The dirty secret of the retail asset management business at brokerage firms is that their profits depend on treating you badly. Unless you are a big enough customer that they would not like to lose you, you are going to be abused (well, take it back, even being a billionaire is not rich enough to be safe from bank predation). The one check on this, ironically, is that salesmen are de facto small businessmen in a bigger corporate umbrella, and their clients are their book of business. They thus have incentives to make sure the customer thinks he is being treated well (whether he is actually treated well is another matter).
The big firms have generally if not completely inferior in-house fund management products they push (inferior by virtue of higher fees and/or not so hot performance). Your “investment advisor” also has an incentive to encourage you to trade if you are in a commission-paying account. The alternative, a wrap fee account, has annual charges that make a serious dent in your principal over time.

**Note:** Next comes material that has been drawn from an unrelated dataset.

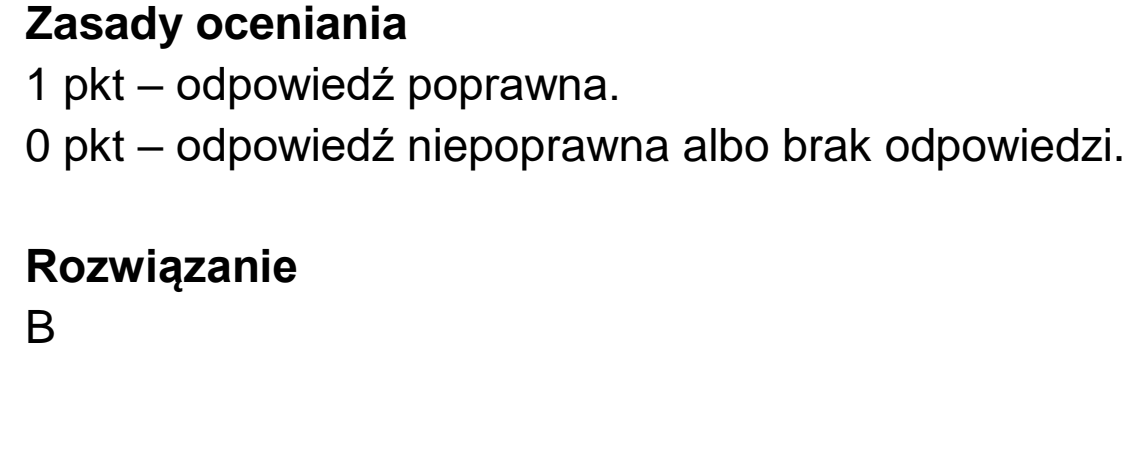 Matura, maj 2026, odpowiedź do zadania 14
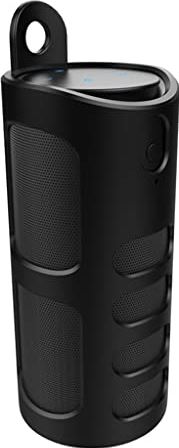 SCDMY Draadloze Bluetooth-luidsprekers Outdoor Column Hifi Stereo Subwoofer Music Box Draagbare High-Power Speaker Support TF-kaart (Color : Black)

Now there may indeed be some imprecision in where the Labor Department draws the line between a fiduciary and someone who is merely peddling products. But the examples the industry defenders cite as practices they want to continue are troubling:
If firms are considered fiduciaries by the Labor Department, selling investors bonds from a brokerage’s inventory or recommending a trade that would generate a commission may be considered a conflict of interest and a “prohibited transaction,” said [Jim] McCarthy [of Morgan Stanley].The bond example I find particularly troubling. Yes, bonds are over the counter products, so they are always going to come from some firm’s inventory, either the firm that the client is already doing business with or a third party. But unless the account in question is pretty large, it has no business buying bonds The transaction sizes for most individuals are the equivalent of odd lots, and the buyer is almost assured to get a worse price than an institutional investor. The overwhelming majority of individuals are better off putting their money in bond funds.

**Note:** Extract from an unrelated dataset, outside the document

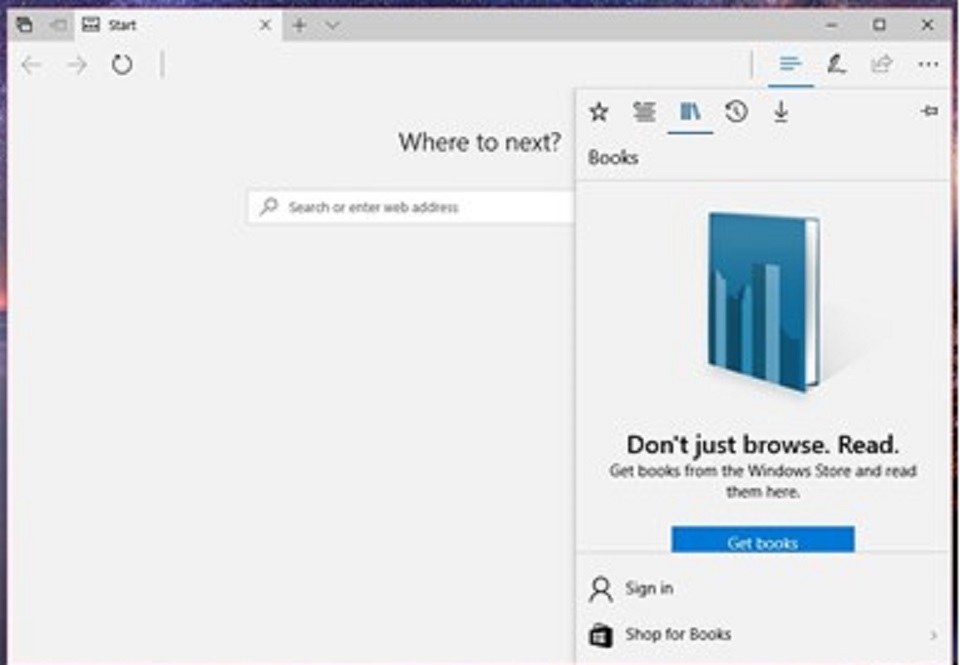 EBooks và EBook Reader trên Edge EBooks và EBook Reader trên Edge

The article made it clear the industry was trying to say that small fry (those with under $25,000 in an account) would be hurt, when those are the least economical for high cost players like full service brokerage firms, also raising doubts about the banks’ argument. Someone with a small balance needs to keep transaction costs down even more than investors with bigger balances. And while they’d presumably want to preserve their profits with the small fry, I’d bet their real aim is to preserve their freedom of action with larger accounts, which is where the real juice is.
Similarly (and maybe I am hopelessly old fashioned) I have never liked the retail brokerage model (it probably has a lot to do with having worked on Wall Street). If you need advice, pay for advice and get low cost execution. Or if you are too small to afford advice, do some homework on asset allocation and buy index funds (one big caveat: read Benoit Mandelbrot’s The Misbehavior of Markets. Everyone needs to recognize that the tenets of financial economics underestimate the risk of markets and as a result, encourage too much risk-taking. Any standard advice on what level of stock holdings are desirable needs to be dialed down. Rule number one of investing is preservation of capital, and that too often is ignored).
It was depressing but predictable that this Bloomberg story was one sided; this article replayed the arguments of SIFMA, the industry lobbying group. But it’s probably an accurate reflection of how the consumer has no advocate when financial rules are being nailed down.